До начала XIX века зимой на островах жили христианские священники, студенты христианской семинарии и греческие рыбаки. После революции 1917 года на островах начали селиться бежавшие в Стамбул белогвардейцы. Постепенно деревни разрастались, в них открывались рестораны и клубы. На Хейбели-ада было основано Военно-морское училище, построено несколько туберкулезных больниц; за последние сто лет на Бюйюк-ада образовалась большая еврейская община, а на Кыналы-ада — армянская; каждое лето на острова приезжают туристы и обслуживающий их персонал. Острова стали многолюдными, но совершенно не изменились. В последние годы, правда, людей приезжает поменьше, так как землетрясение 1999 года в Измите здорово ощущалось и на островах, а прогнозы сейсмологов крайне неутешительны.

Я люблю оставаться на островах осенью, когда кончается сезон летнего отдыха — я начинаю чувствовать грусть пустых садов и представлять, как бы я провел здесь рано наступающие зимние вечера.

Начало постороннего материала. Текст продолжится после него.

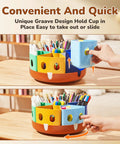 Rotating Art Supplies Organizer With 360 Spin Base and Large Removable Caddy showing a hand adjusting compartments on a desk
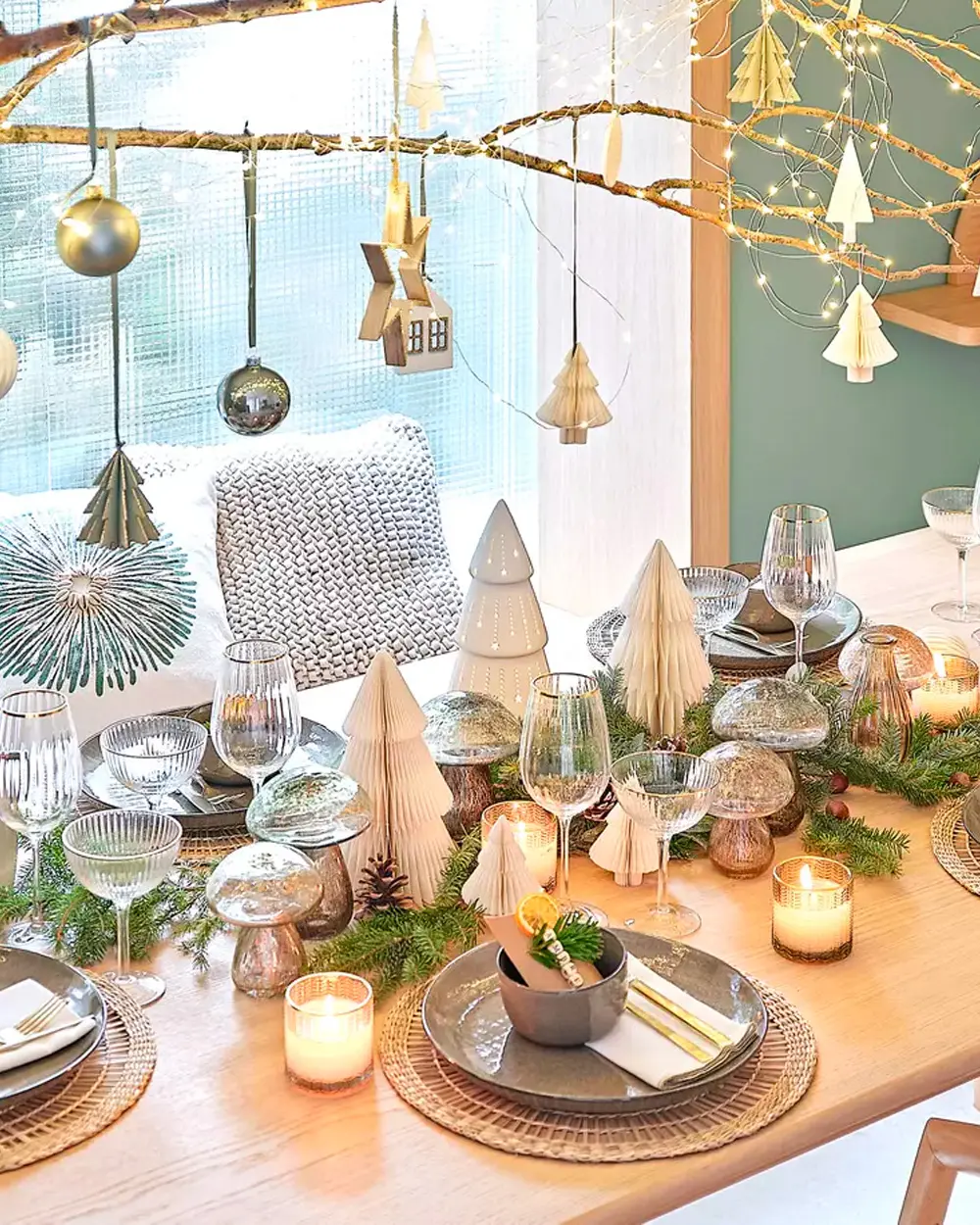 Light wood table with paper trees, glass mushrooms, greenery and paper ornaments hanging from a branch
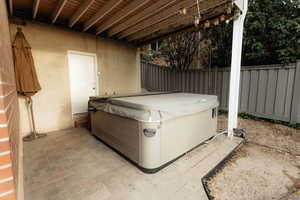 View of patio with a hot tub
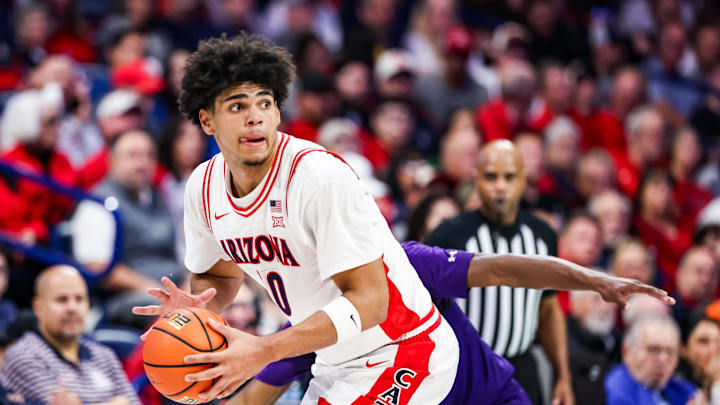 Dec 16, 2025; Tucson, Arizona, USA; Arizona Wildcats forward Koa Peat (10) looks to pass the ball during the first half of the game against the Abilene Christian Wildcats at McKale Memorial Center. Mandatory Credit: Aryanna Frank-Imagn Images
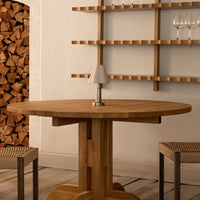 Wooden round table with a natural oak finish, paired with woven chairs against a simple, light backdrop.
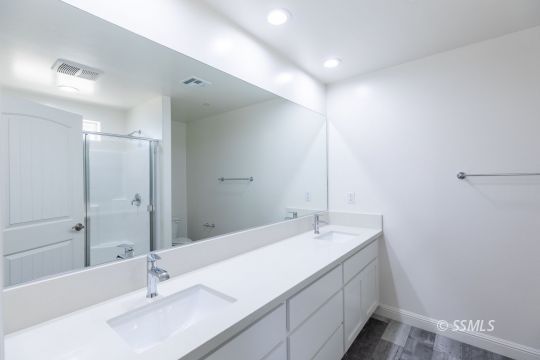 1012 Sims Street Ridgecrest, CA 93555 - Photo 29 of 36 a bathroom with a sink double vanity and a mirror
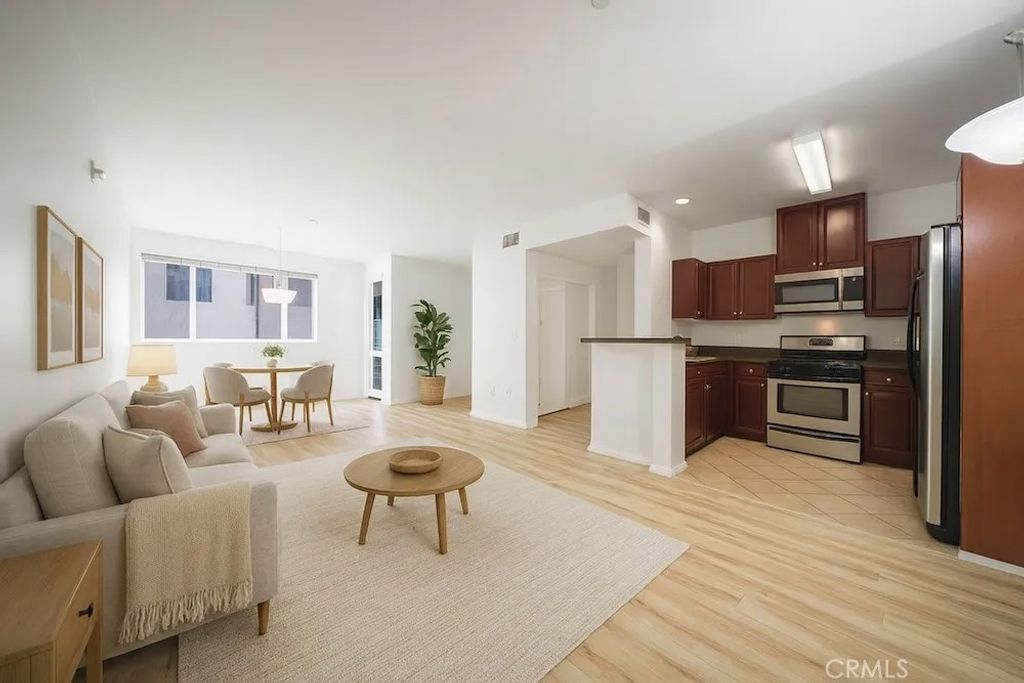 Photo of 13941 Sherman Way #205, Van Nuys, CA 91405 (MLS # OC26057612)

В прошлом году я бродил осенним даем по садам и верандам Хейбели-ада, поедая инжир и виноград, который не успели собрать вернувшиеся в Стамбул семьи, и вспоминал свое детство. Я ощущал тихую грусть, когда поднимался по лестницам, качался на качелях и смотрел на мир с балконов. После той прогулки, так похожей на мои детские прогулки, я пошел в дом Исмета-паши[3], где до этого был только однажды. Я смутно помню, как мы ходили с папой в этот дом сорок пять лет назад и бывший президент взял меня на руки и поцеловал. Сейчас стены дома были украшены фотографиями паши времен расцвета его политической карьеры и пляжными фотографиями, на которых он в плавках на одной лямке входит в море. Меня напугали пустота и тишина, охватившие дом; легкая плесень, пыль и запах сосны, ванные, умывальни, кухонная мебель, колодец, цистерна для воды, дорожки на полу, старые шкафы и оконные рамы этого дома напомнили мне наш дом, который больше не принадлежал нам.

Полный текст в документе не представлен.